For CPACS I know it's /cpacs
, but what about arbitrary XML documents?
Answer: Use the path "/"
. When combining/concatenating paths, however, this requires a distinction between /
+ childName
vs. /cpacs
+ /
+ childName
.
I created a convenience wrapper in Python that accepts the empty path instead and makes above distinction by using either /
or the empty string as a concatenation string.
I did not completely understand, what the issue is / was.
Could you please provide an example, what you tried to achieve, what did not work and what works?
For the XML document
<?xml version="1.0" encoding="UTF-8"?>
<root>
<x><a>1.2</a><b>34</b></x>
</root>
How do I determine the root node name /root
? I think usually you simply need to know the name of the root node to be able to work with the file, but as described above it is possible to determine its name with TIXI (with one caveat explained above).
but as described above it is possible to determine its name with TIXI (with one caveat explained above).
But I did not get the caveat, this is what i meant.
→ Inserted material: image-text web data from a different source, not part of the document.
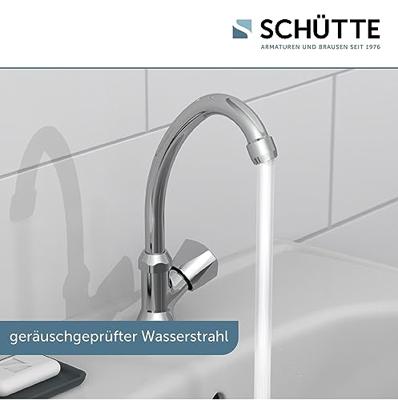 Koudwaterkraan Wastafel Schütte Carneo Hoog Model met Zwaaibare Uitloop Chroom - thumbnail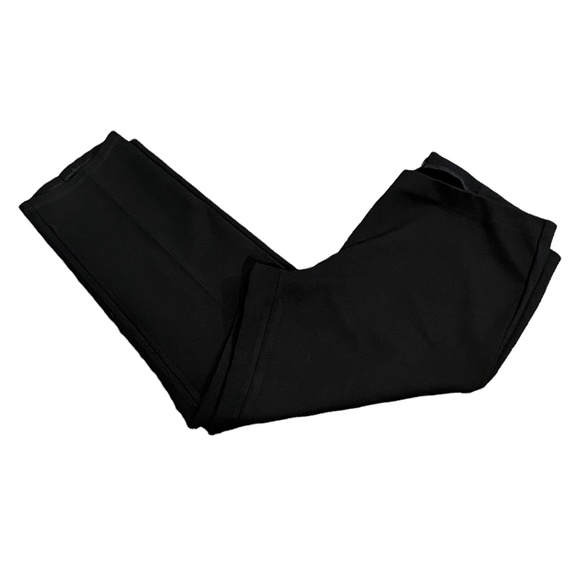 EILEEN FISHER BLACK SYSTEM STRETCH PONTE SLIM PANT - Picture 5 of 13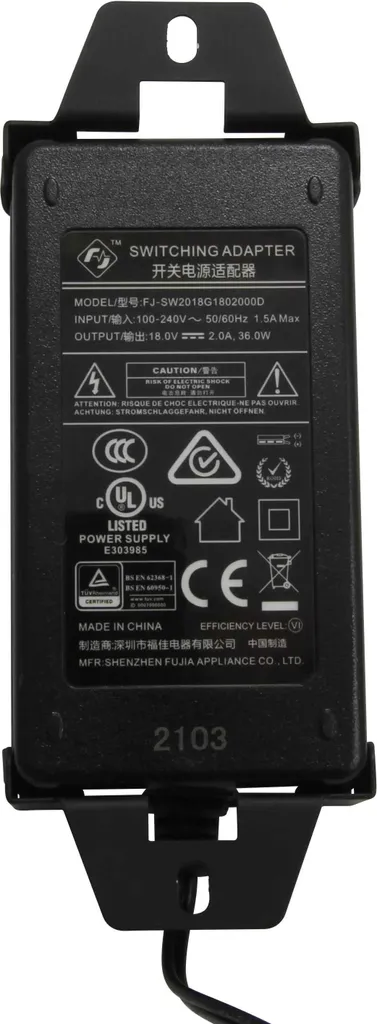 Bloc d'alimentation de remplacement 18V 2A compatible avec ampli TMSA - 3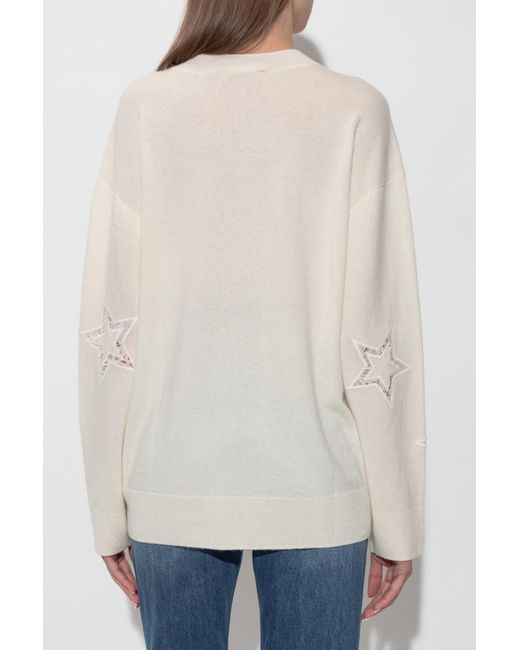 LoveShackFancy Blue Sweater "Westcott"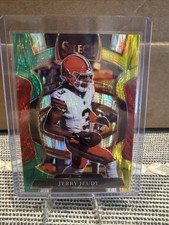 2025 Panini Select - Concourse Jerry Jeudy #56 Black & Green Shock Prizm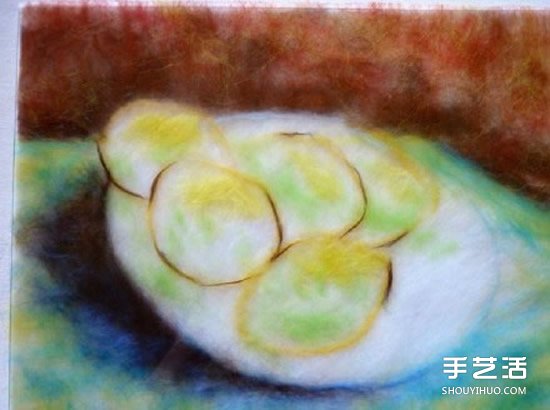 宛如油畫般的水果羊毛氈畫 具有羊毛獨(dú)特質(zhì)感 -  rpnrmr.com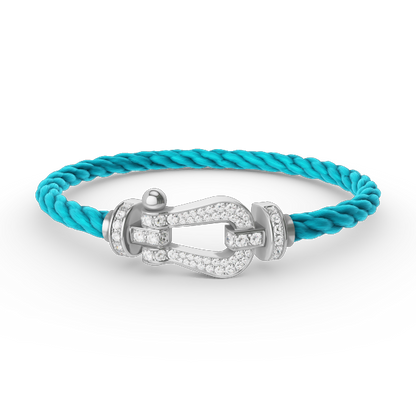 [Renovia Jewelry]FORCE LARGE HORSESHOE FULL DIAMOND BRACELET SILVER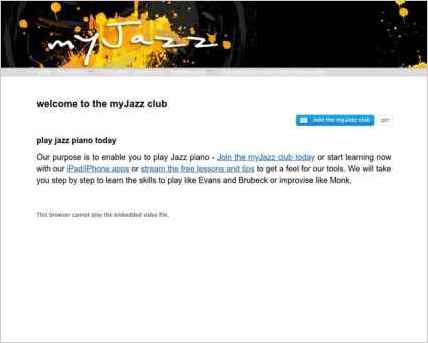 snapshot of home page
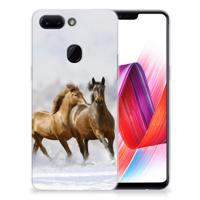 OPPO R15 Pro TPU Hoesje Paarden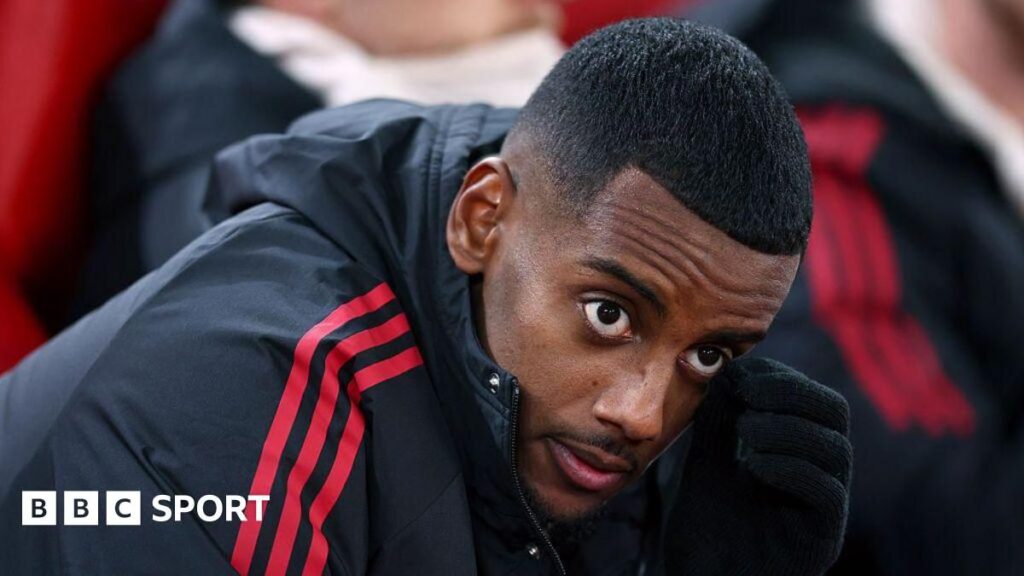 Alexander Isak playing for Sweden in a recent international friendly against Norway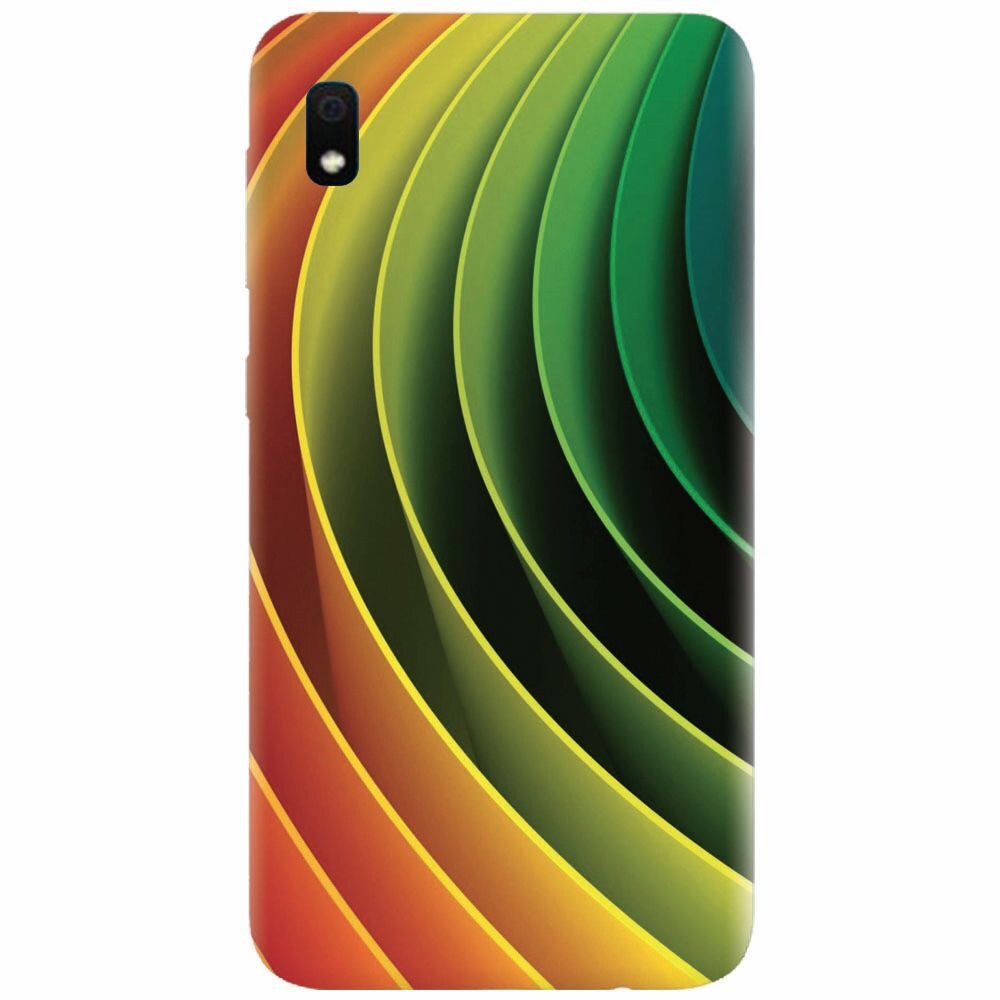 Husa silicon pentru Samsung Galaxy A10, 3D Multicolor Abstract Lines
What is the workaround you are using? I am just trying to understand, whether we could improve something in tixi.
So the path I provide the function is something like /cpacs/toolspecific
, starting with a slash and ending with a tag name (or a predicate like [@uID="1"]
). To get the root node, however, I cannot use the empty string
, but I have to use /
which arguably has a trailing slash - in contrast to all other paths I might query.
That means I cannot recursively go through the returned nodes and compose them by parent + "/" + childName
, because then I would get //cpacs/toolspecific
. That`s the reason why I had to make a distinction at the root level. I've come about this problem over the last years in many projects, just noticed this today when creating a list of XPaths for all numeric values in an XML document (using tixi).
def enumerateNumericXpaths(xml, path, paths):
r''' Return a list of all XPaths that point to a number.
xml: open Tixi document
path: current path prefix (including index)
paths: list of XPaths that contain a numeral
>>> t, r = Tixi(), []
>>> t.openString('<?xml version="1.0" encoding="UTF-8"?>\n<root><x><a>1.2</a><b>34</b></x></root>')
>>> paths = enumerateNumericXpaths(t, '', r); print("\n".join(r))
/root[1]/x[1]/a[1]
/root[1]/x[1]/b[1]
'''
if path == '': path, sep = '/', ''
else: sep = '/'
children = xml.getNumberOfChilds(path)
counts = collections.defaultdict(int) # map from element name -> current per-element index
for i in range(1, children + 1):
childName = xml.getChildNodeName(path, i)
if childName == '#text':
try: xml.getDoubleElement(path); paths.append(path) # xml.getIntegerElement(path) works as well for int and double
except: pass
continue
elif childName.startswith('#'): continue # comment or CDATA - ignored for now
counts[childName] += 1
enumerateNumericXpaths(xml, path + '%s%s[%d]' % (sep, childName, counts[childName]), paths) # recurse into children
return paths # by reference, I hope!